Zita Short had the opportunity to interview Mr. Goorjian about the film.
Zita Short: Obviously this project has personal significance for you, as a member of the Armenian diaspora. Can you tell me a little bit about your family’s history and what inspired you to start working on this project?
Michael A. Goorjian: My grandparents were both survivors of the Armenian genocide and in being Armenian and being an artist, I have always felt that I needed to do something related to my heritage. A lot of the focus in film has been in and around the genocide, which is obviously an incredibly important topic. For me, it took a while to find the story that I felt I could tell. I wanted to tell a story that was hopeful. I wanted to spread information about the beauty of Armenian culture.
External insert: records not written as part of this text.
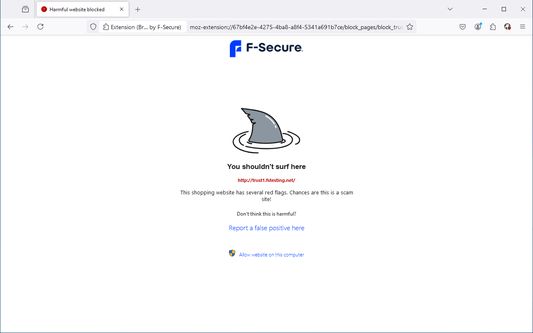 Block page for unsafe website
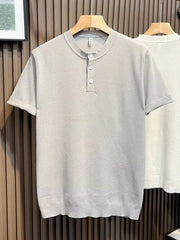 Men's Full Size Classic Short Sleeve Knit T-Shirt with Button Detail Plus Size Gray / S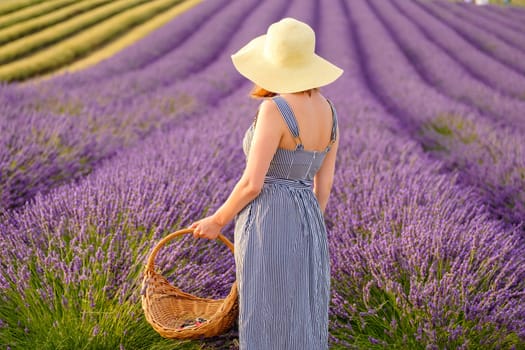 A young woman wearing a straw hat finds joy in strolling through a lavender field, her wicker basket filled with freshly picked violet flowers.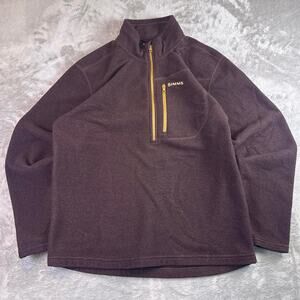 Simms Reversible Quarter Zip Fleece Pullover Brown Fishing Outdoor Jacket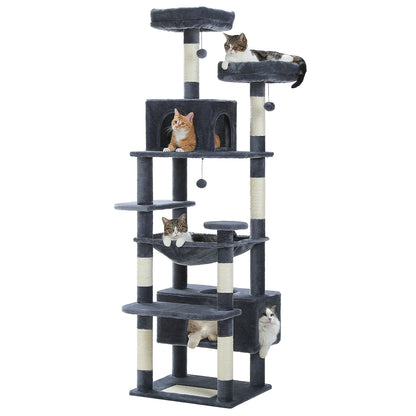 Cat tree with multiple levels and perches on a white background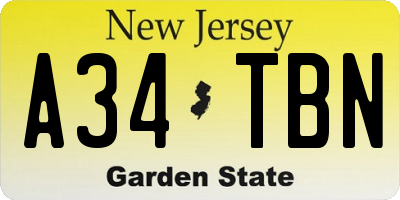 NJ license plate A34TBN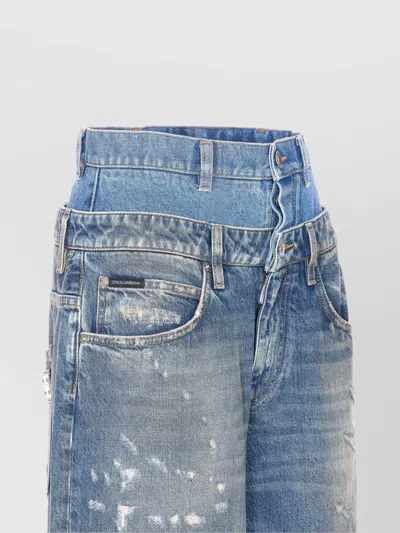 Dolce & Gabbana Wide-leg Trousers With Five Pockets And Belt Loops In Multi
As a people, we have suffered through so much and the film takes place during a turbulent period in the history of Armenia. I have heard it described as a “wound upon a wound.” There was the genocide and then thirty, forty years later you had members of the diaspora returning to Armenia and being sent to labour camps in Siberia. Even though the film takes place in that landscape, the story itself deals with survival and tells the story of people who choose to continue on in the face of difficult circumstances.
ZS: Were there any Armenian directors, such as Rouben Mamoulian or Sergei Parajanov, that you drew inspiration from?
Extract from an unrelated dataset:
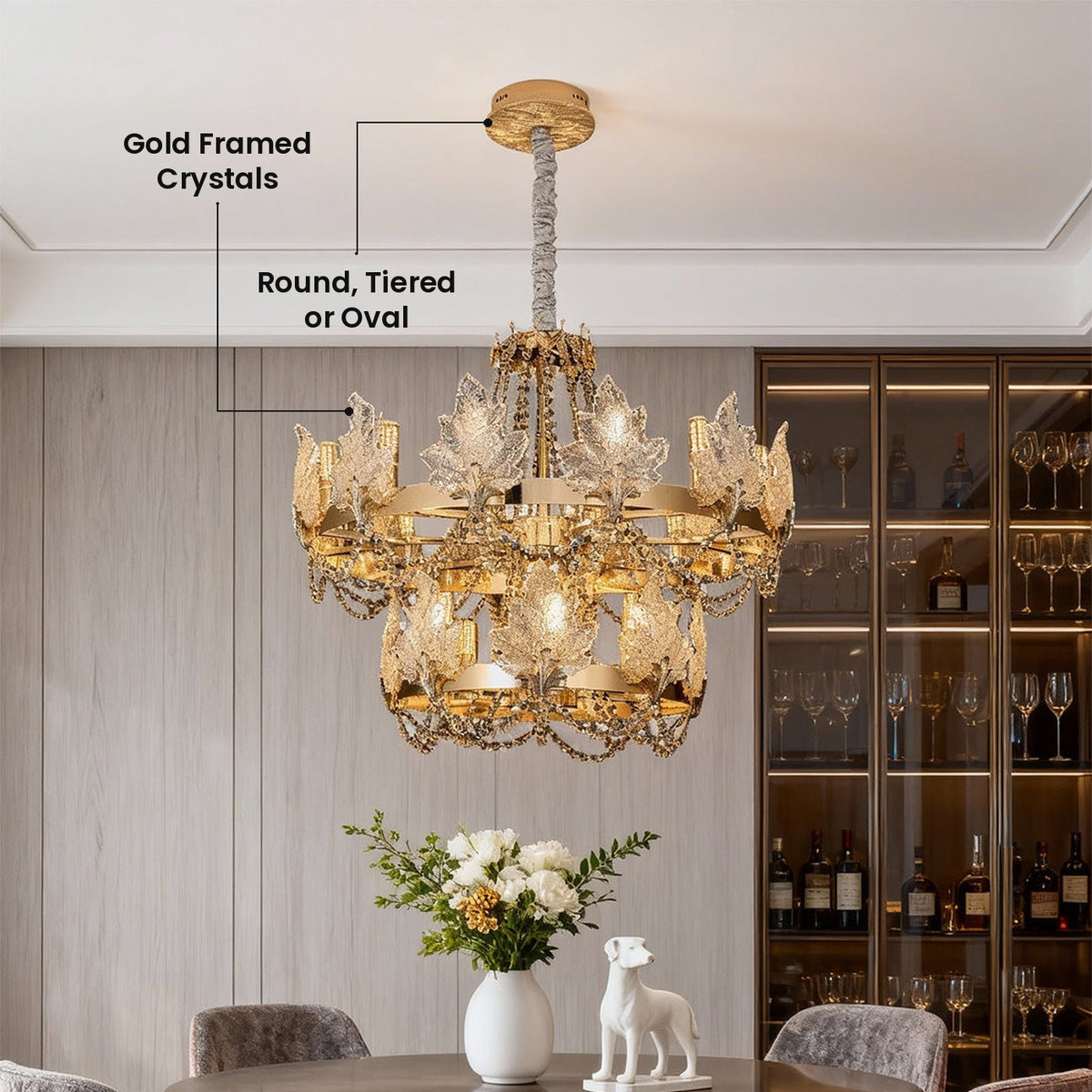 French Crystal Chandelier: Gold Framed Crystals, Round, Tiered or Oval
MAG: There’s a sequence in the film that serves as an ode to Parajanov. One of the main characters is an artist and he’s putting still lifes in the window for the prisoner to sketch and you even see glimpses of pieces that feature barbed wire being used as a frame. This was something that Parajanov had done when he was in prison. We don’t have a lot of filmmakers but everyone from Atom Egoyan to Mamoulian has inspired me. I have tried to let those influences help my film, I guess.
ZS: Why do you think that so few English-language productions have focused on Armenia’s rich history and culture?
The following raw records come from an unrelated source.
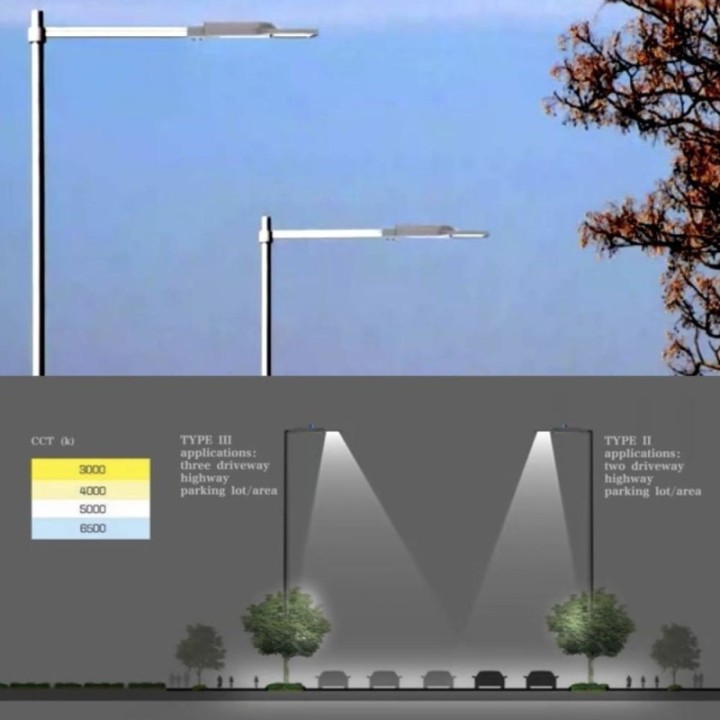 Réverbère LED 100W – Lampadaire extérieur IP65 avec driver Philips programmable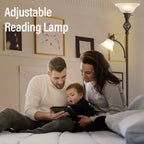 Cozylumi™ Floor Lamp for Living Room, LED Standing Reading Light for Bedroom with Glass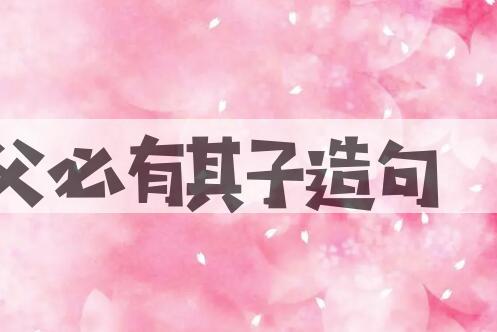 用有其父必有其子造句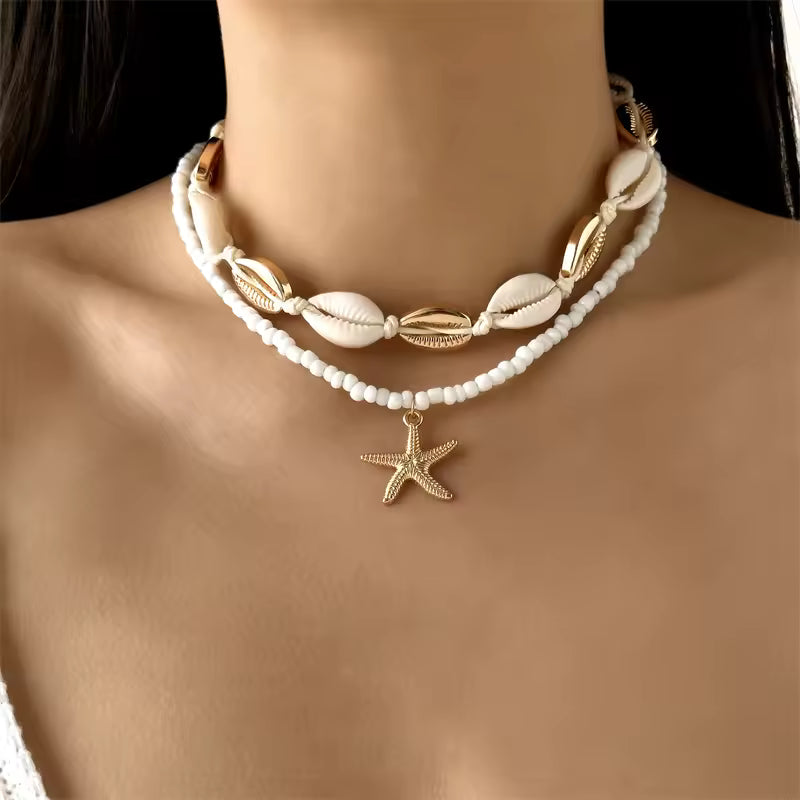 Bohemian Shell Starfish Necklace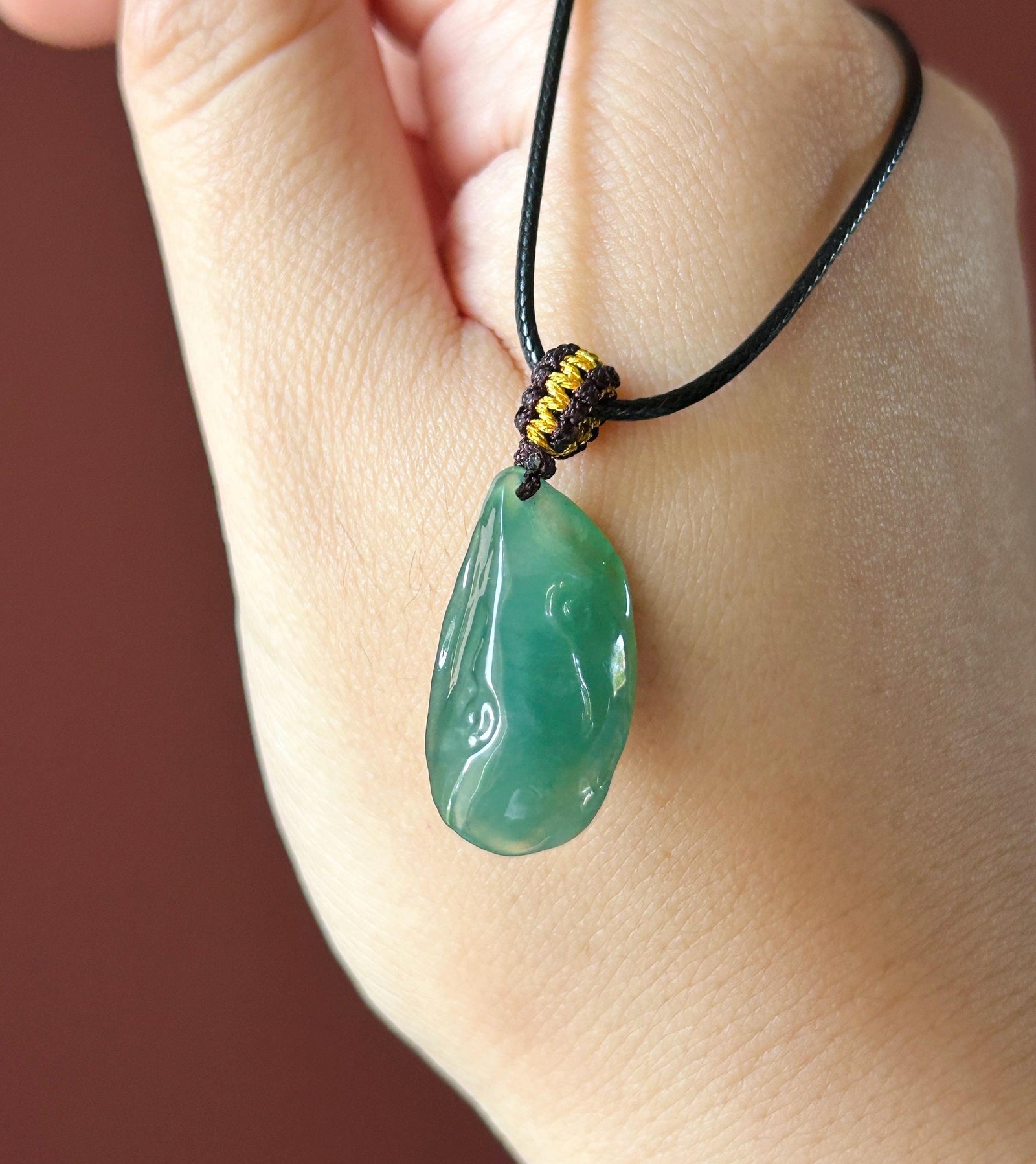 Natural Jade Freeform Pendant | RARE Burmese Type A Highly Translucent Icy Bluish Green, Blue Water Jadeite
MAG: I think it’s partially exposure. The film industry there basically fell into disarray after the Soviet Union collapsed. We are also a split group and a split ethnicity because there is a divide that exists between the diaspora and those who still reside in the East. There are Syrian-Armenians, Persian Armenians, Lebanese Armenians, so many different types of Armenians. In making this film, we were able to bring all of these different groups together and had the opportunity to work in Armenia. The whole film was shot there and not many films are shot there. I think there haven’t been many because the genocide is such a huge event in our culture and has overshadowed other aspects of our history. It’s also notable that Armenia was a Soviet country, so its exposure in the West was always going to be limited. Hopefully that changes.
ZS: Despite having a dark subject matter, the film is an old-fashioned crowdpleaser. Did you consciously attempt to echo films from the 1930s and 1940s while making the film?
MAG: The tone of the film really came from a few things. In ;ooking at the Soviet era and the Soviet system, one notices that there is so much absurdity inherent in the political climate of this period. For me, taking that and playing into the absurdity is a way of directly tackling it. I really wanted to make a film that would be able to reach as many people as possible, including young people. I wanted to make something accessible. I always wanted to capture the tone of the time and the characters. It ended up having this Old Hollywood feel. I wish there were more movies like that nowadays. I have had so many people come up to me at festivals and say “I wish there were more films like this.” I mean, I love heavy, dark, cynical movies. However, I think there should also be a place for light entertainment to flourish.